Recorded data section start

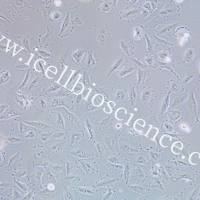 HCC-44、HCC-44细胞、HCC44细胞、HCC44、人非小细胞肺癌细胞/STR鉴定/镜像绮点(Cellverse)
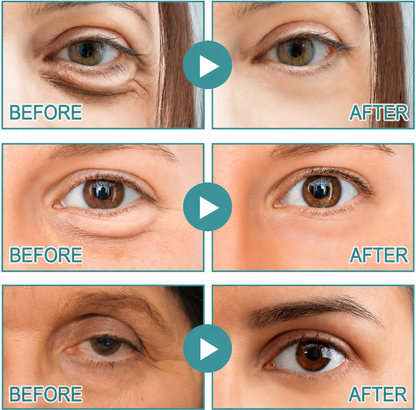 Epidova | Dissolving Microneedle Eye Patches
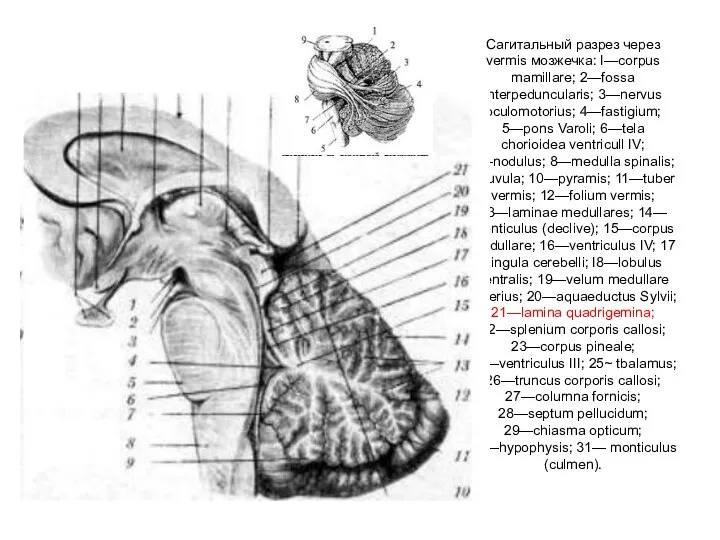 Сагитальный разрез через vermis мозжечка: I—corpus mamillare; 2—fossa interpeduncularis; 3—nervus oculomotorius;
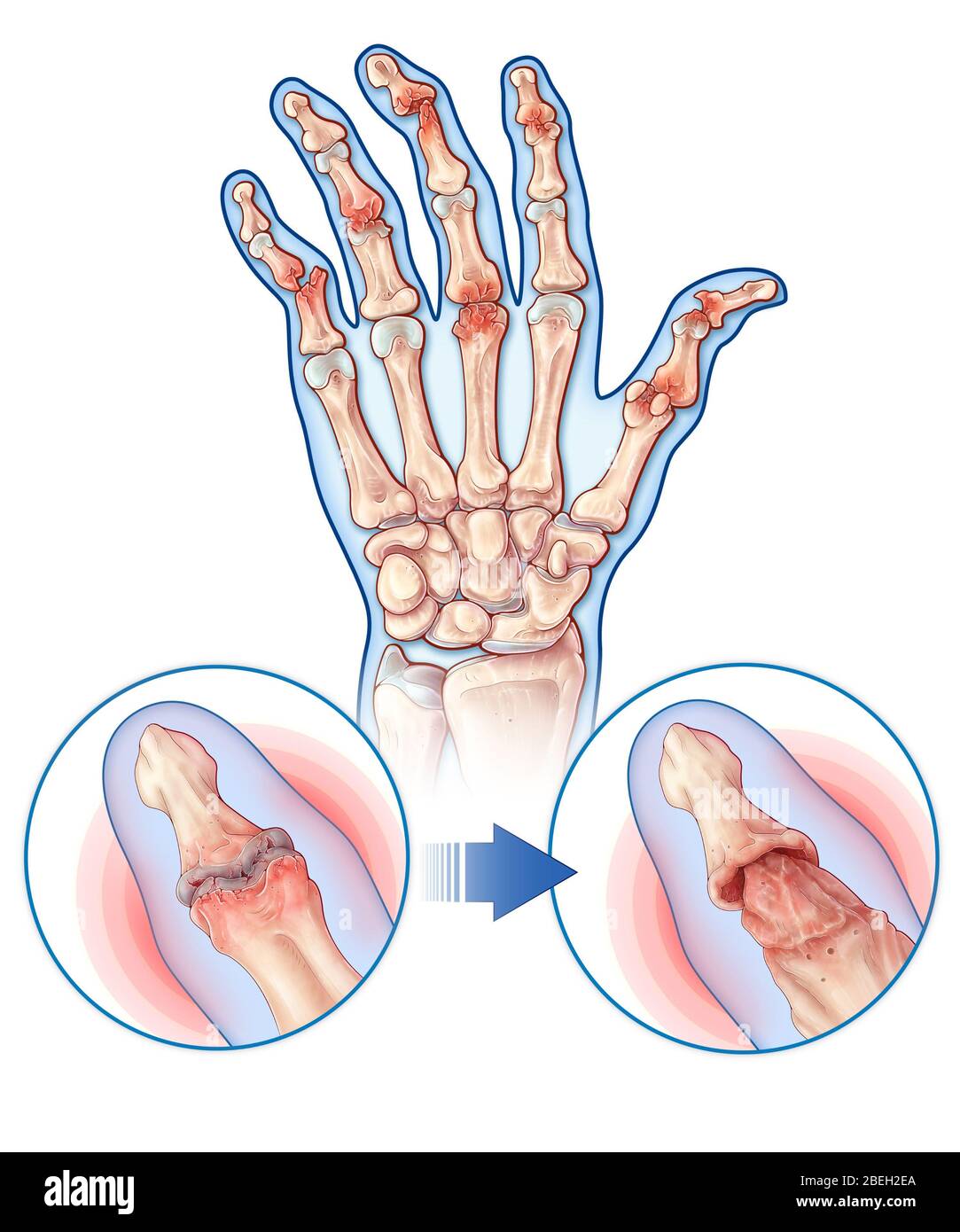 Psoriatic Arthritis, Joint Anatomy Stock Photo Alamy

Recorded data section end
Recorded data section start

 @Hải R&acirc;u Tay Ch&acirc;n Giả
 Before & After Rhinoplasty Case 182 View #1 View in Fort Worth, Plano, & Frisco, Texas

Recorded data section end

> **Work required**
The stretch to restate runs from the line above containing "HCC-44、HCC-44细" through the line containing "Psoriatic Arthritis, Joint". Copy it word for word, ends included, without pictures.

> **Output below**
 HCC-44、HCC-44细胞、HCC44细胞、HCC44、人非小细胞肺癌细胞/STR鉴定/镜像绮点(Cellverse)
 Epidova | Dissolving Microneedle Eye Patches
 Сагитальный разрез через vermis мозжечка: I—corpus mamillare; 2—fossa interpeduncularis; 3—nervus oculomotorius;
 Psoriatic Arthritis, Joint Anatomy Stock Photo Alamy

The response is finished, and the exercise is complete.